Probably the most telling signs of impending violence are talk about suicide or martyrdom and issuing direct or veiled threats against others. Another significant warning sign noted prior to several workplace violence incidents are co-workers' or supervisors' fears of a person, even when no reason for these fears can be articulated.

In many companies, countering workplace violence is often thought to be the corporate security department's problem. Nothing could be further from the truth. Most corporate security departments are bare-bones operations and are quite often the first to undergo cuts when companies face tough economic times. Most corporate security departments focus on physical security, loss prevention and theft of company property. With their limited staff and large responsibilities, they have few opportunities to learn what is going on with the guy in that middle cubicle on the third floor who watches a lot of jihadist propaganda and has become angry at the West. Even companies with teams dedicated to protecting senior company officials often largely focus on the outside threat. Those personnel pay far more attention to protecting the CEO during a trip abroad than during a walk through the company cafeteria. Senior company executives also often seem to believe that internal threats could not possibly exist in their company, an unsafe assumption at any firm.
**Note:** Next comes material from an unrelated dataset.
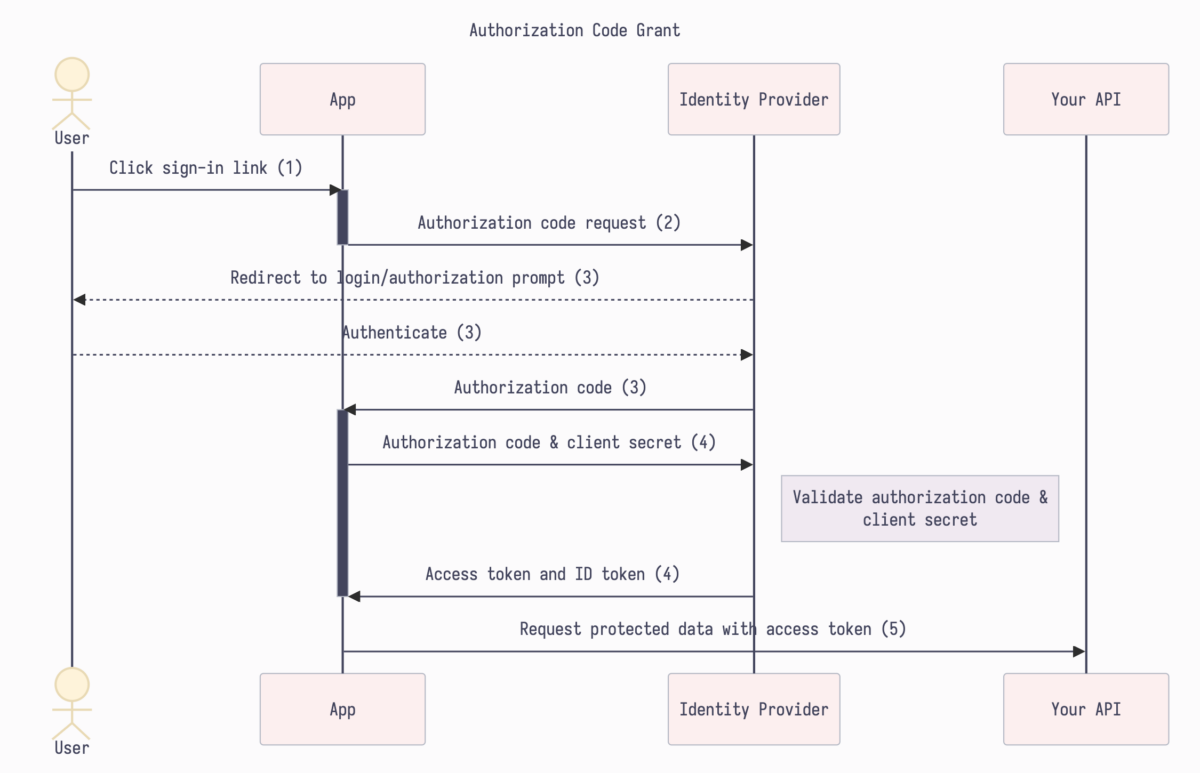 OIDC and OAuth 2.0 Demystified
Since police and corporate security departments are neither omnipresent nor omniscient, other people in the company must alert them to the potential for workplace violence. Co-workers and first-line managers generally are the first to notice warning signs, so the real first line of defense against insider threats must be a company's employees. Employees therefore must be educated about the insider jihadist threat in the same way they are about other workplace violence threats. They must also be encouraged to speak up about potential threats without the fear of retaliation. This empowerment comes from training and in the form of communication not only from the top down but also from the bottom up.

The company's top management must set the expectation that reports will be taken seriously. Human resources, corporate security and legal personnel must have a mandate to handle these cases early and quickly. The warnings provided by co-workers regarding Hasan were ignored because those who received them were not empowered or encouraged to take action. Instilling a culture of proactivity on potential insider threats may be challenging. This may be especially true at remote locations like a semiconductor factory in Indonesia, but doing so is every bit as important at such sites. The cost of ignoring the warning signs of an insider threat, no matter where it occurs, has often been tragedy.